• What this task involves: Leave out all pictures. Return exactly the lines from the top of the material through the line containing "Un meccanico utilizza".

• Supplied material:
[Start of Attachment]

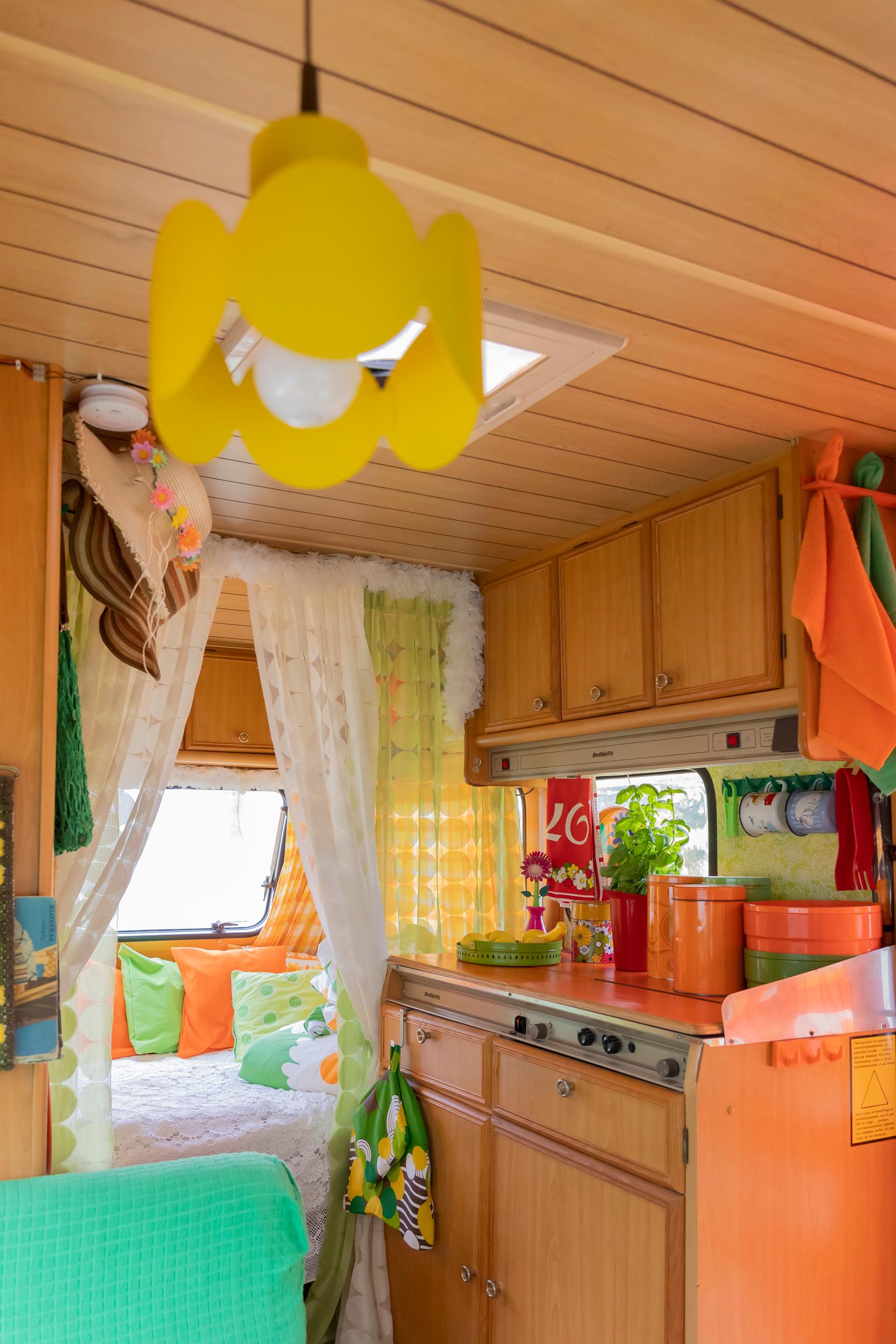 a yellow retro lamp on the ceiling, kitchen cabinets, and a sofa nook in the travel trailer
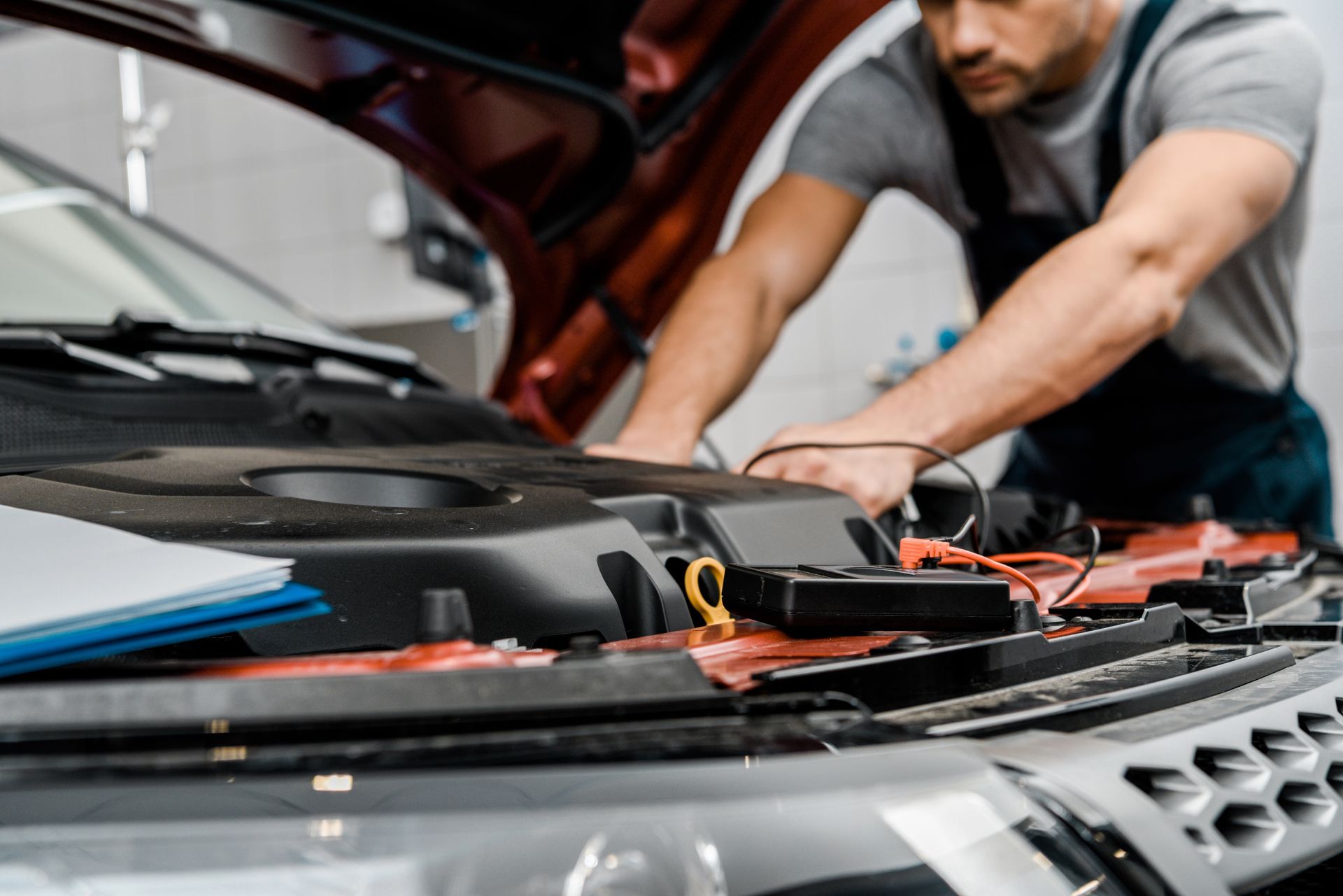Un meccanico utilizza un multimetro per controllare il motore di un’auto  in officina.

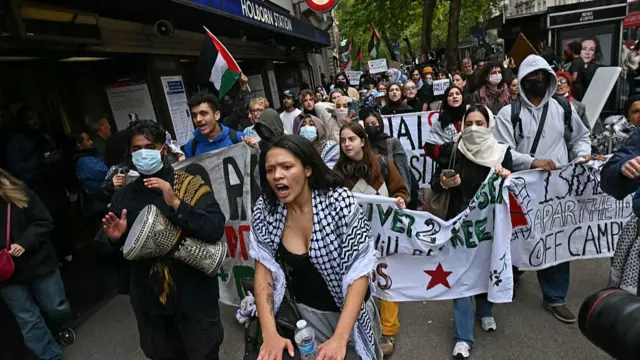 Pro-Palestinian student protesters walk behind banners during an inter-university march for Gaza in London on October 7.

[End of Attachment]

• Answer below:
 a yellow retro lamp on the ceiling, kitchen cabinets, and a sofa nook in the travel trailer
Un meccanico utilizza un multimetro per controllare il motore di un’auto  in officina.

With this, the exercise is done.